Exercise brief: Would you transcribe only the lines from the one holding "Grote Lemax Kerstdorp" through the end of the material, exactly, without any pictures?

Record set:
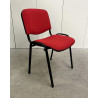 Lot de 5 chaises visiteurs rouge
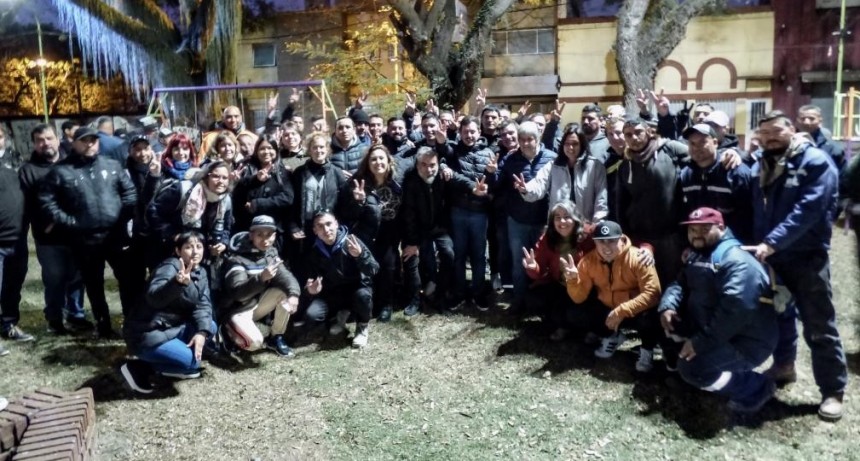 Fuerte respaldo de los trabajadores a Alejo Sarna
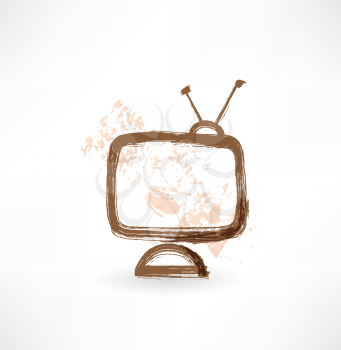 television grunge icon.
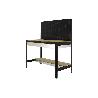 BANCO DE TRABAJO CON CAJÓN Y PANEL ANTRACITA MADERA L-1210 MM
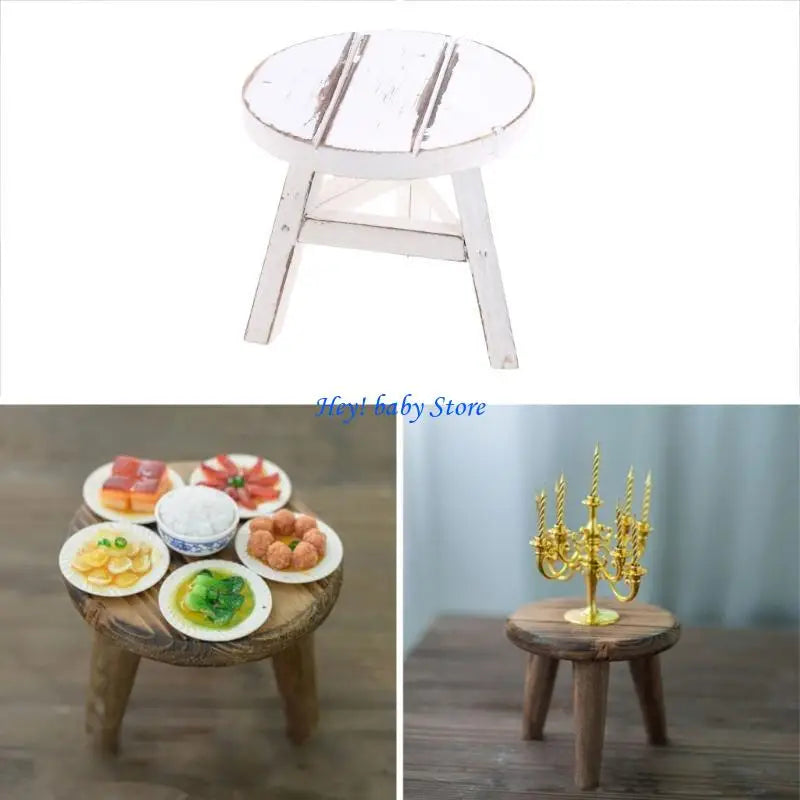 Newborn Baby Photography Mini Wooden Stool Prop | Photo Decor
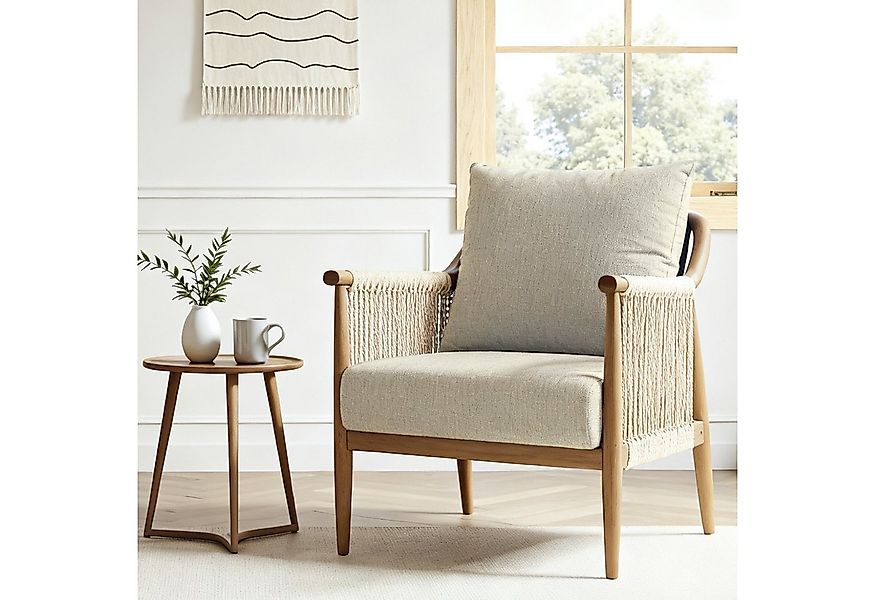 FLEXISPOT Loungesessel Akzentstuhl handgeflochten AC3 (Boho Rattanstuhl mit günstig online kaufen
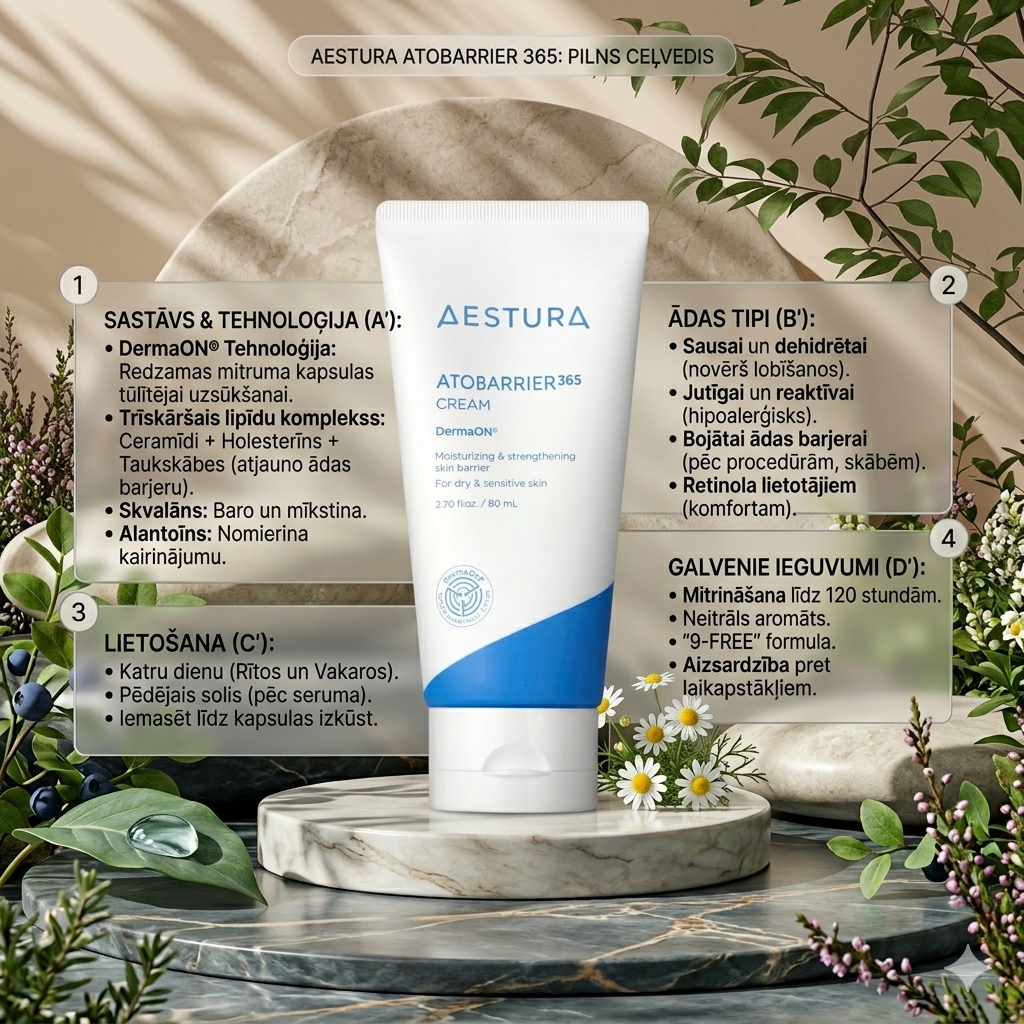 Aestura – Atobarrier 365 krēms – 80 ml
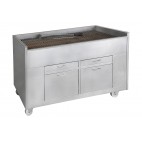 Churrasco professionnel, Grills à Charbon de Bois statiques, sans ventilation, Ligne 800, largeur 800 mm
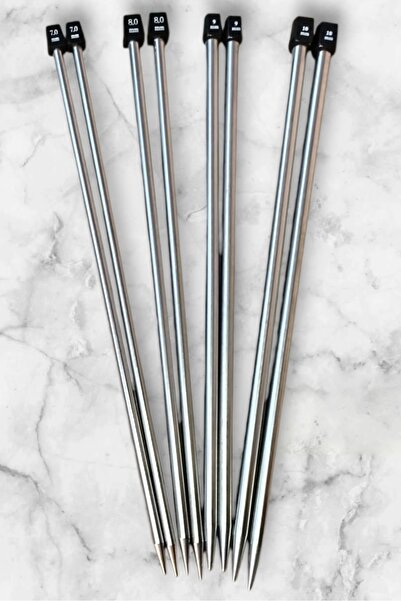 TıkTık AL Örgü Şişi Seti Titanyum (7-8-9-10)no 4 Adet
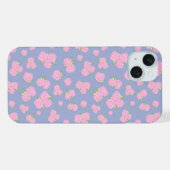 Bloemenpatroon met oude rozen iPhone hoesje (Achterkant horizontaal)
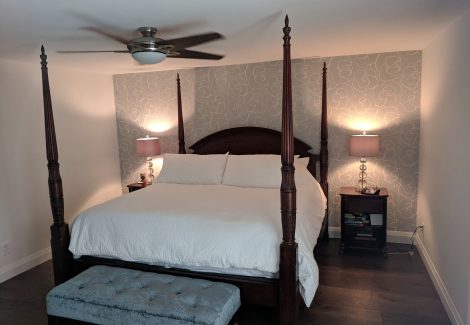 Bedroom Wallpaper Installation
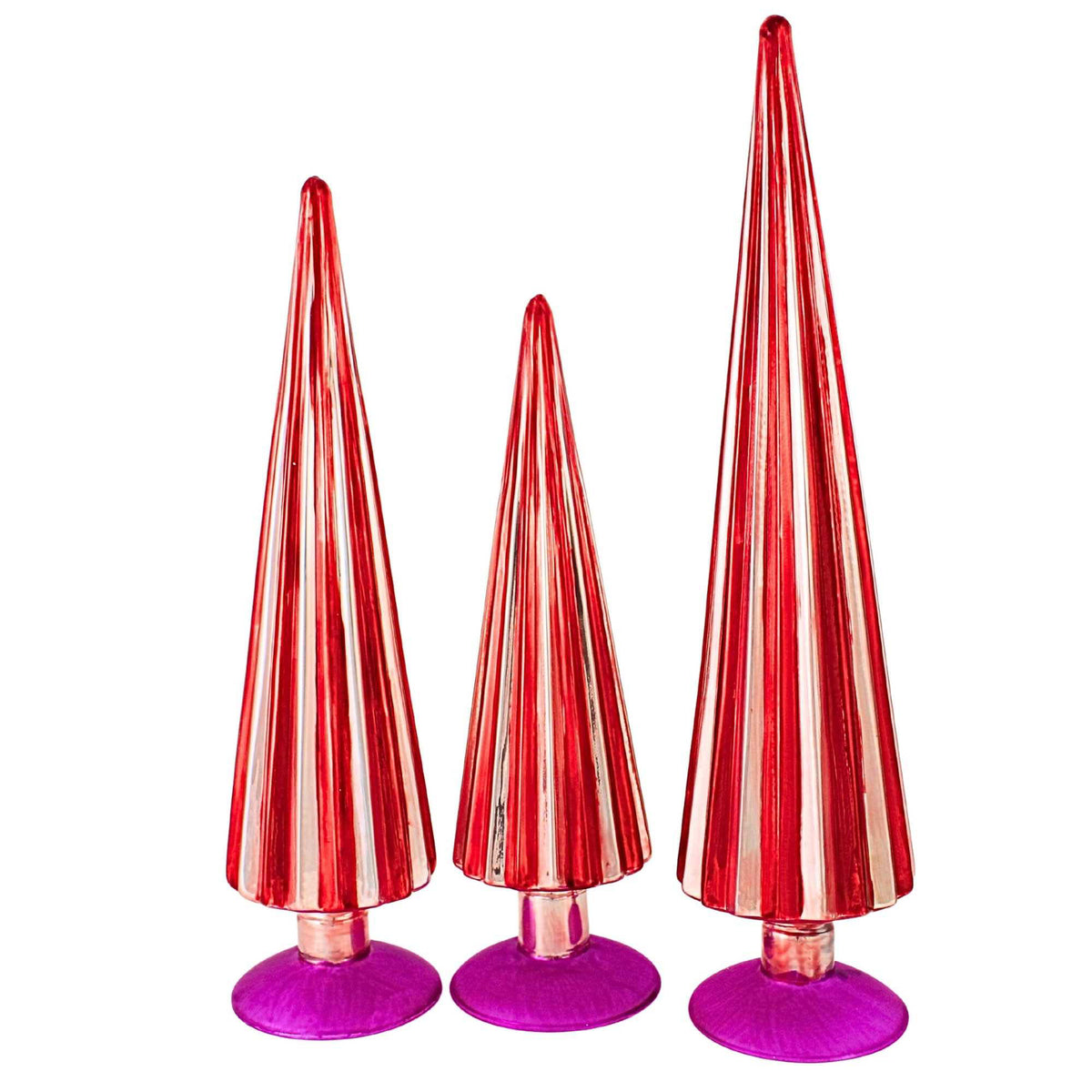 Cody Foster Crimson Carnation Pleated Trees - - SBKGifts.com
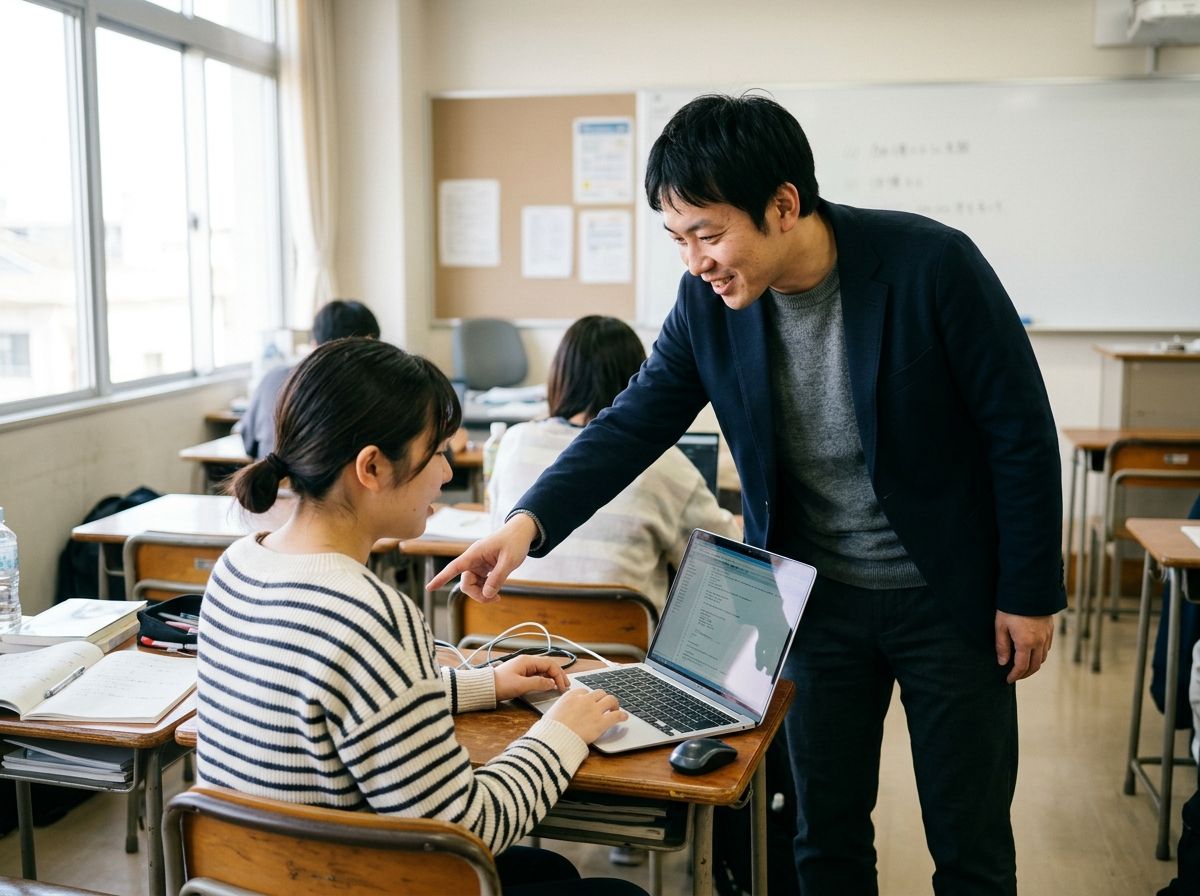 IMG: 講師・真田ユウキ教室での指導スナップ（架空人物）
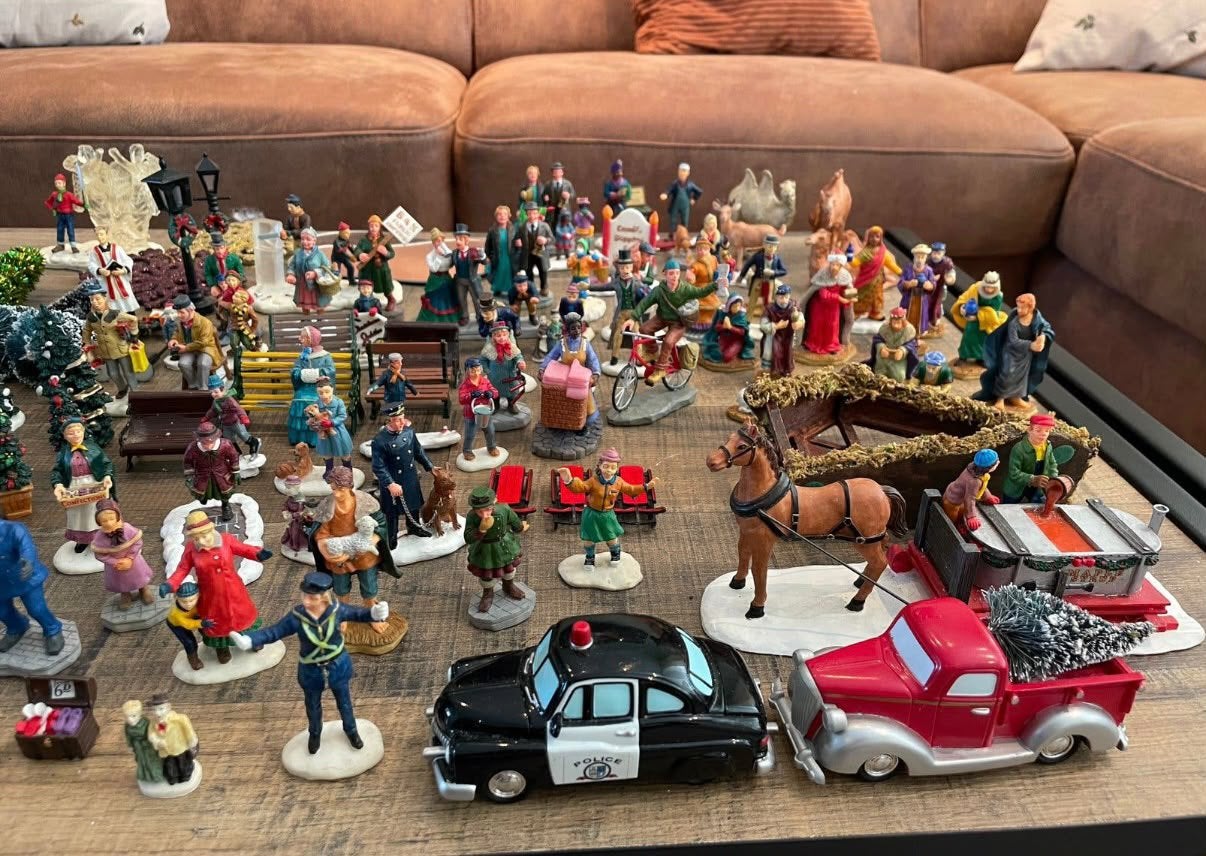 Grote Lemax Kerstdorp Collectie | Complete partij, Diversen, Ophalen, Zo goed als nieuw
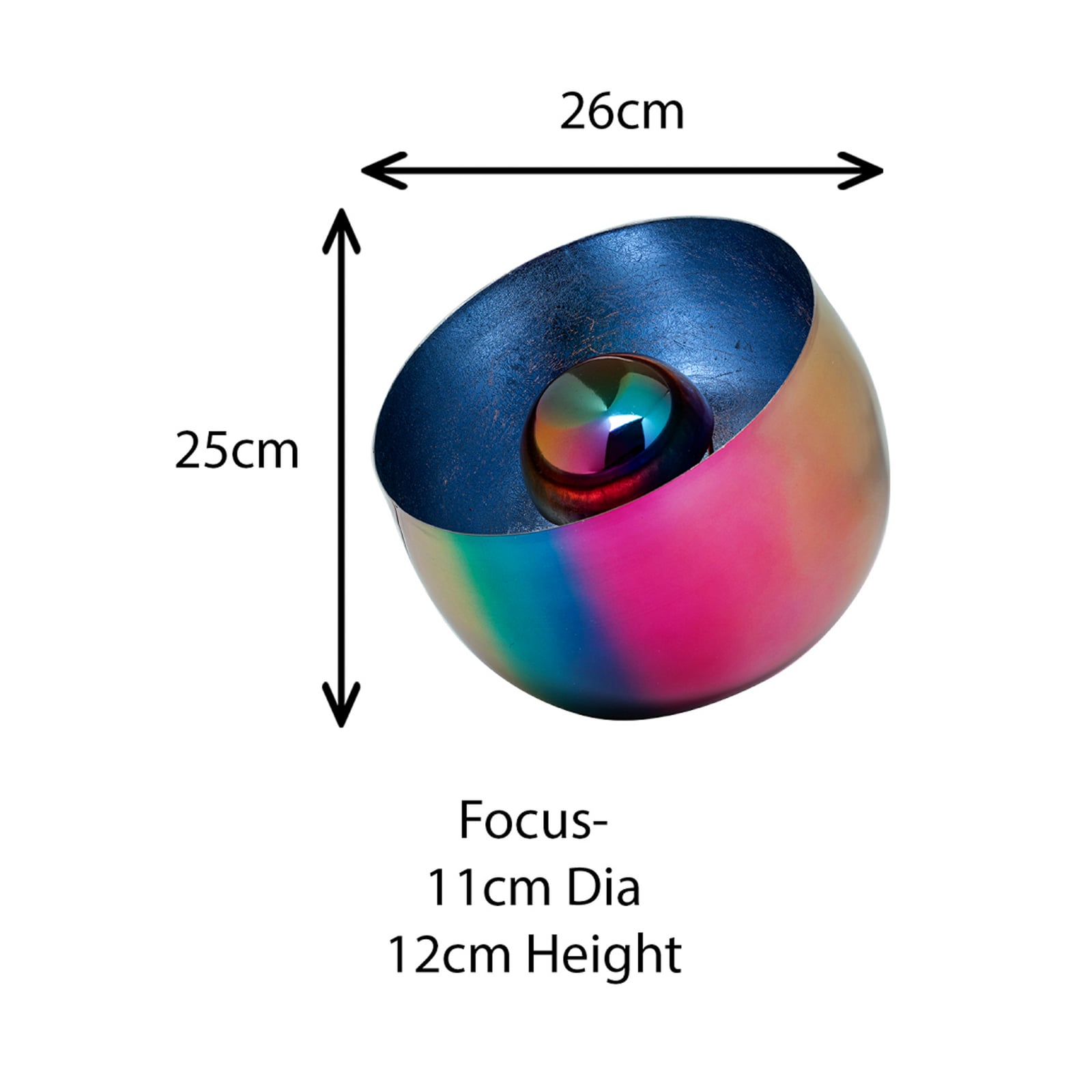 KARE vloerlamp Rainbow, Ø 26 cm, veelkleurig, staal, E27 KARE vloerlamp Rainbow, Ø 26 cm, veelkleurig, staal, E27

Solution to this task:
 Grote Lemax Kerstdorp Collectie | Complete partij, Diversen, Ophalen, Zo goed als nieuw
 KARE vloerlamp Rainbow, Ø 26 cm, veelkleurig, staal, E27 KARE vloerlamp Rainbow, Ø 26 cm, veelkleurig, staal, E27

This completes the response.